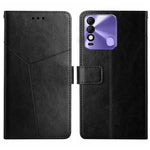 HT01 Cassa del telefono di cuoio di vibrazione del modello a forma di Y, For Tecno Camon 19 4G, For Tecno Camon 19 Pro 4G/5G, For Tecno Pova 2, For Tecno Spark 8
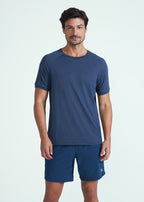 Camiseta de manga corta de malla UV para hombre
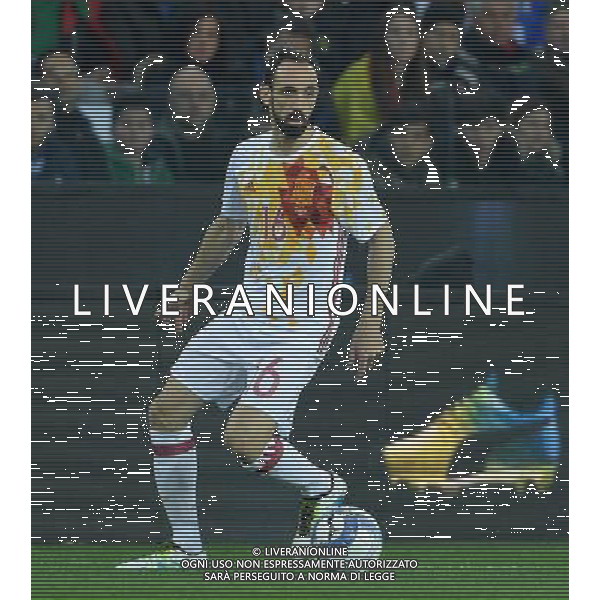 Amichevole Udine - 24.03.2016 Italia-Spagna Nella Foto:Juanfran Juan Francisco Torres Belen /Ph.Vitez-Ag. Aldo Liverani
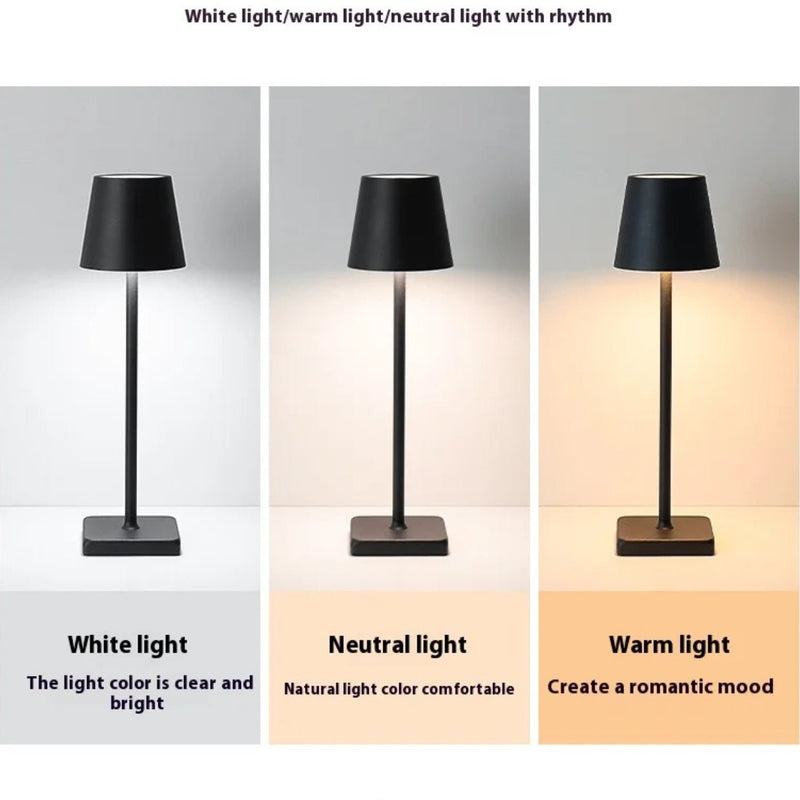 SleekGlow - Minimal Rechargeable Touch Table Lamp - Kalinzy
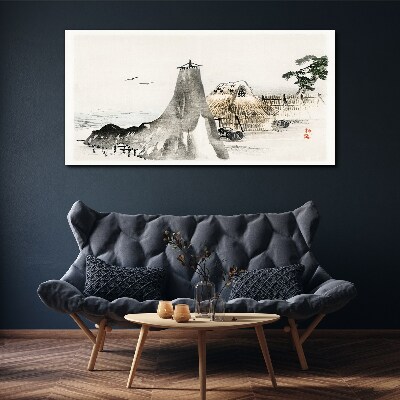 A peaceful seaside landscape Canvas Wall art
_ _ _
- _Assignment_
When you copy the data above, keep each line exact and omit the pictures.

- _Output for this task_
 HT01 Cassa del telefono di cuoio di vibrazione del modello a forma di Y, For Tecno Camon 19 4G, For Tecno Camon 19 Pro 4G/5G, For Tecno Pova 2, For Tecno Spark 8
 Camiseta de manga corta de malla UV para hombre
 Amichevole Udine - 24.03.2016 Italia-Spagna Nella Foto:Juanfran Juan Francisco Torres Belen /Ph.Vitez-Ag. Aldo Liverani
 SleekGlow - Minimal Rechargeable Touch Table Lamp - Kalinzy
 A peaceful seaside landscape Canvas Wall art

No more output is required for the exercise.